▶ Exercise directions
From the line containing "from 10-21-25, 12:39" to the end of the data, retype every line exactly and nothing else. Drop the pictures.

##### Dataset section

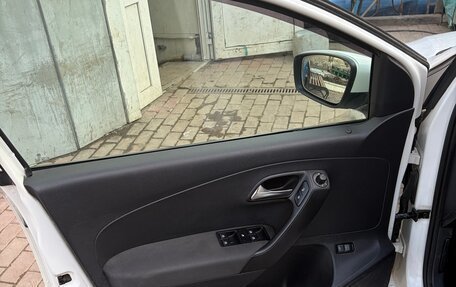 Volkswagen Polo VI (EU Market), 2012 год, 22 фотография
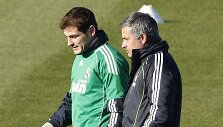 Ikeras Casillasas ir Jose Mourinho atstovauja &bdquo;Real&ldquo; klubui.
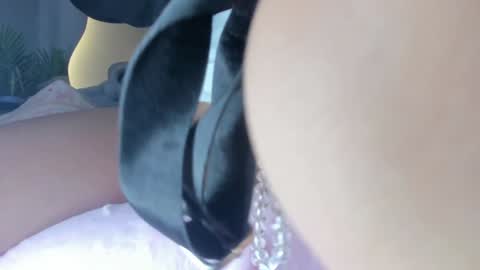 Adeline  online show from 10-21-25, 12:39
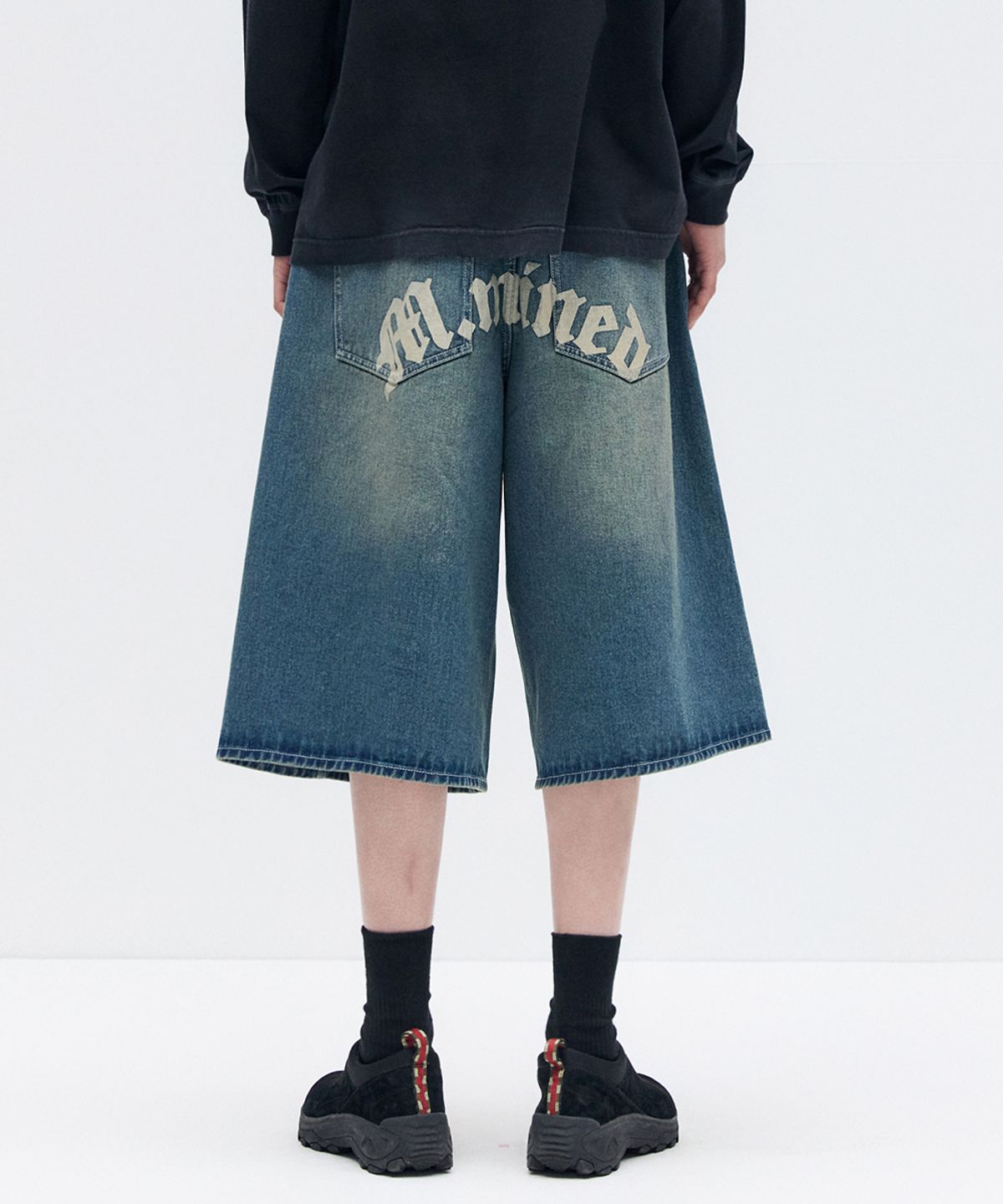 메종미네드(MAISON MINED) BACK-POINT BERMUDA PANTS BLUE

##########

▶ Answer to the problem
 Adeline  online show from 10-21-25, 12:39
 메종미네드(MAISON MINED) BACK-POINT BERMUDA PANTS BLUE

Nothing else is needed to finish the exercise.